━━━━━ SUPPLIED INFORMATION

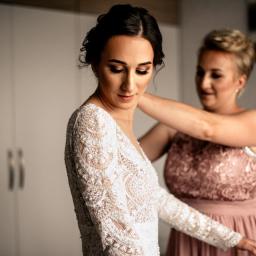 Kawka Art - Panna młoda w koronkowej sukni z długim rękawem, poprawiana przez kobietę w różowej sukience, przygotowania do ślubu.
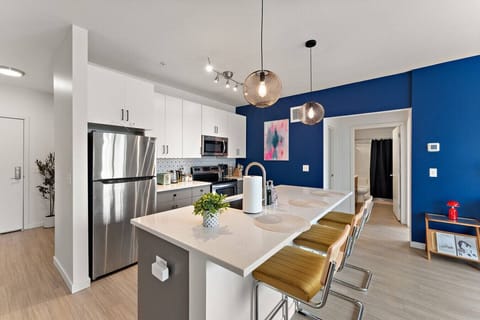 Kitchen & Dining: Stylish setup with modern appliances and vibrant accents for delightful meals!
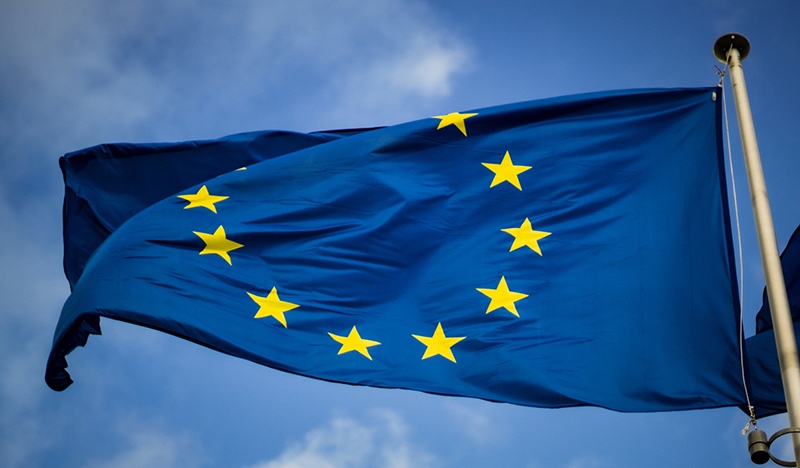 The European flag with a blue sky behind it.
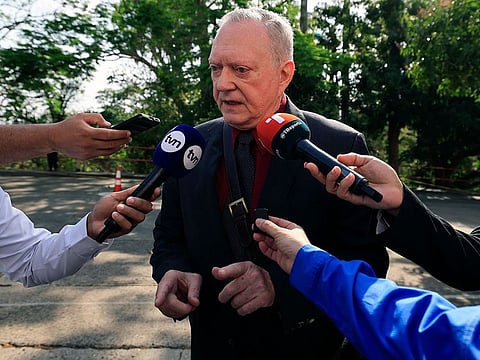 Lawyer and one of the main defendants in the Panama Paper case, Jurguen Mossack, speaks to reporters upon his arrival at the court of justice in Panama City on April 8, 2024.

━━━━━━━━━━

> [WHAT IS EXPECTED] A word-for-word copy of the lines from the one with "Kitchen & Dining: Stylish" through the last line of the data above is required, with both end lines included and no pictures.

> [RESPONSE AREA]
 Kitchen & Dining: Stylish setup with modern appliances and vibrant accents for delightful meals!
 The European flag with a blue sky behind it.
 Lawyer and one of the main defendants in the Panama Paper case, Jurguen Mossack, speaks to reporters upon his arrival at the court of justice in Panama City on April 8, 2024.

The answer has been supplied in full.